Data for this task =>
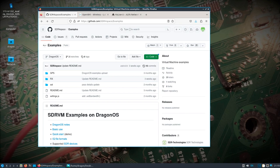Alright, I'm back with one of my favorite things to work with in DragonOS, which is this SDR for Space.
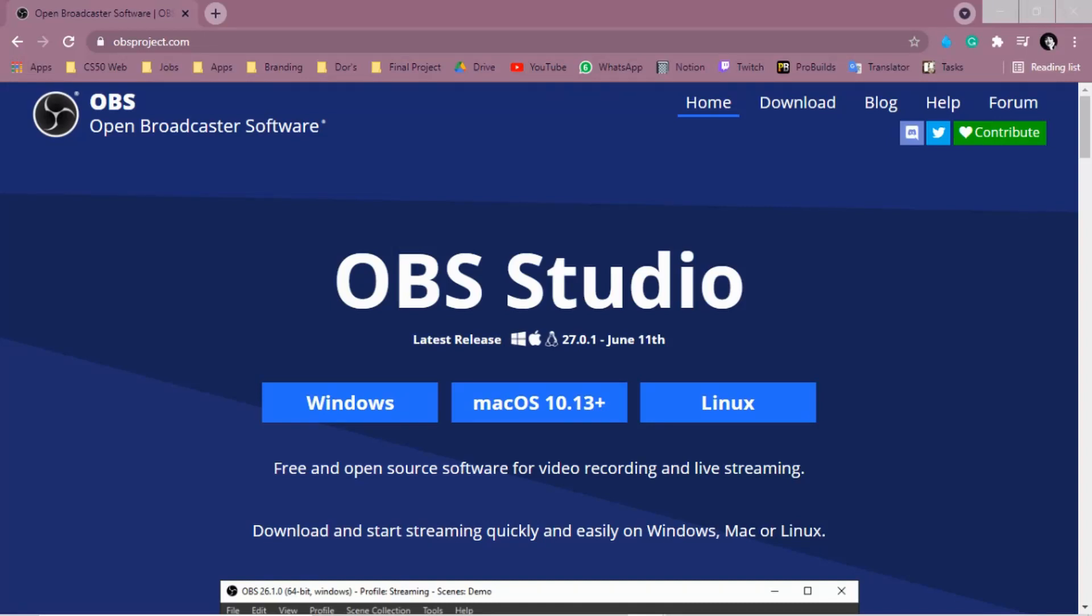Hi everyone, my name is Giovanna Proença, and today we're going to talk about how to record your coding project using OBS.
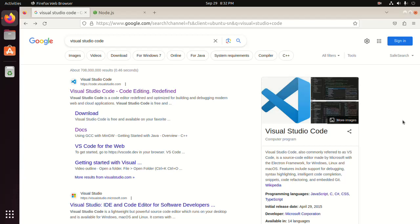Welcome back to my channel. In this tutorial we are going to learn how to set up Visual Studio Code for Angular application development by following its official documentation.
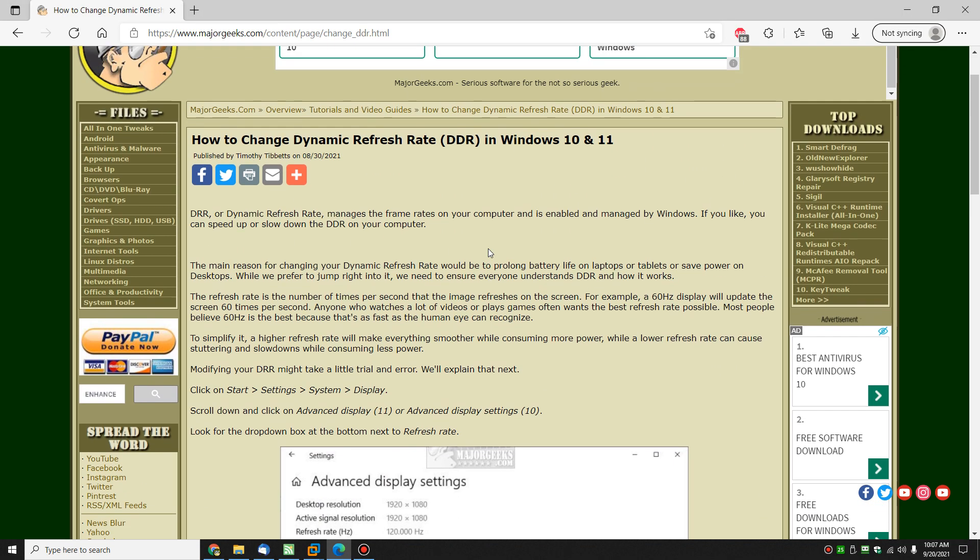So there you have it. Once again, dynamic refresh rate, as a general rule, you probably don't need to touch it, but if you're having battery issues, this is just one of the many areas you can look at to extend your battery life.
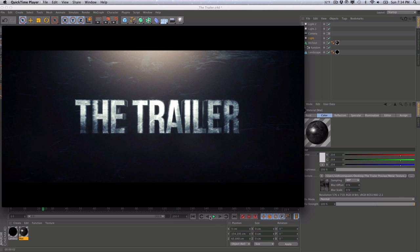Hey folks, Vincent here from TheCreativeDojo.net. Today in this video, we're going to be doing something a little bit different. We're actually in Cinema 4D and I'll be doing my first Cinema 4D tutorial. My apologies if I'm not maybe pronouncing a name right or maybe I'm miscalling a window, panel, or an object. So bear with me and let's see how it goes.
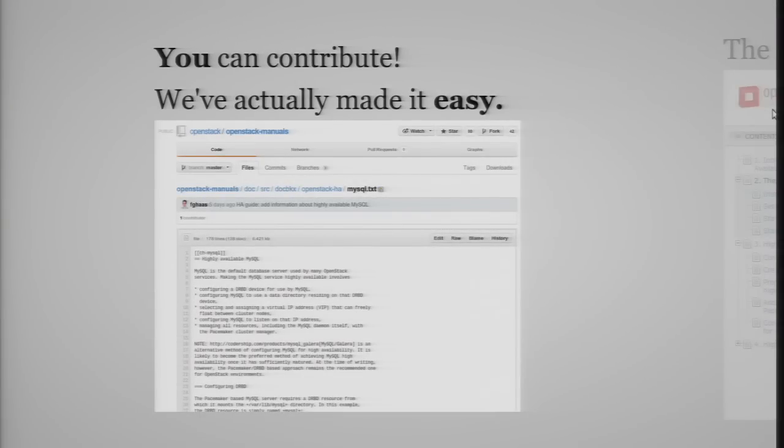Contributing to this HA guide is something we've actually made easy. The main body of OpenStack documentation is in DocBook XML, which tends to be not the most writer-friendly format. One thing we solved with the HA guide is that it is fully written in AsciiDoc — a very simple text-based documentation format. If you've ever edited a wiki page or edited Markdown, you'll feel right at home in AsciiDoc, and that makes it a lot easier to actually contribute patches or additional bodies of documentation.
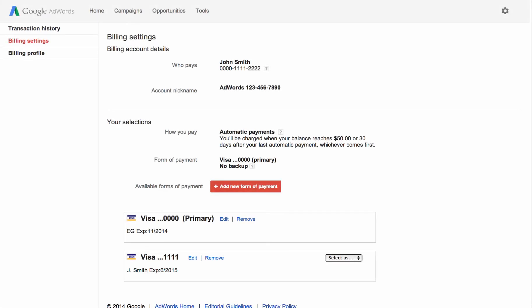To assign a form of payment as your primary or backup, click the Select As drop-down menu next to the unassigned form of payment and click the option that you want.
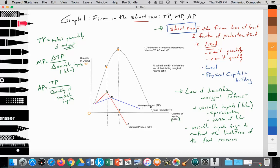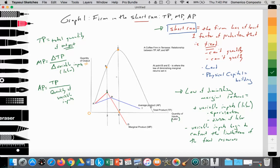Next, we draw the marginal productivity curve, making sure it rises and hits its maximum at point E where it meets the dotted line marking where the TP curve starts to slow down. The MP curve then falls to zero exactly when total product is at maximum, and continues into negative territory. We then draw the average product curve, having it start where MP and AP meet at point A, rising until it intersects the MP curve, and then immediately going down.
* * *
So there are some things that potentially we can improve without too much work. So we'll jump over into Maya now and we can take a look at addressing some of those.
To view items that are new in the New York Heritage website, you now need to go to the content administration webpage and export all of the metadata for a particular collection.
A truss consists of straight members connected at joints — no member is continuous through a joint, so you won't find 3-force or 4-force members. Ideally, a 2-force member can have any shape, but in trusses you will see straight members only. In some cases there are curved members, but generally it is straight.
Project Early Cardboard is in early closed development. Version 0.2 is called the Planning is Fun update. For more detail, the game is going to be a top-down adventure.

What to do => Print from the line containing "To assign a" through the line containing "Next, we draw" in the data above, exactly as the lines stand, and omit every picture.

Exercise solution =>
To assign a form of payment as your primary or backup, click the Select As drop-down menu next to the unassigned form of payment and click the option that you want.
Next, we draw the marginal productivity curve, making sure it rises and hits its maximum at point E where it meets the dotted line marking where the TP curve starts to slow down. The MP curve then falls to zero exactly when total product is at maximum, and continues into negative territory. We then draw the average product curve, having it start where MP and AP meet at point A, rising until it intersects the MP curve, and then immediately going down.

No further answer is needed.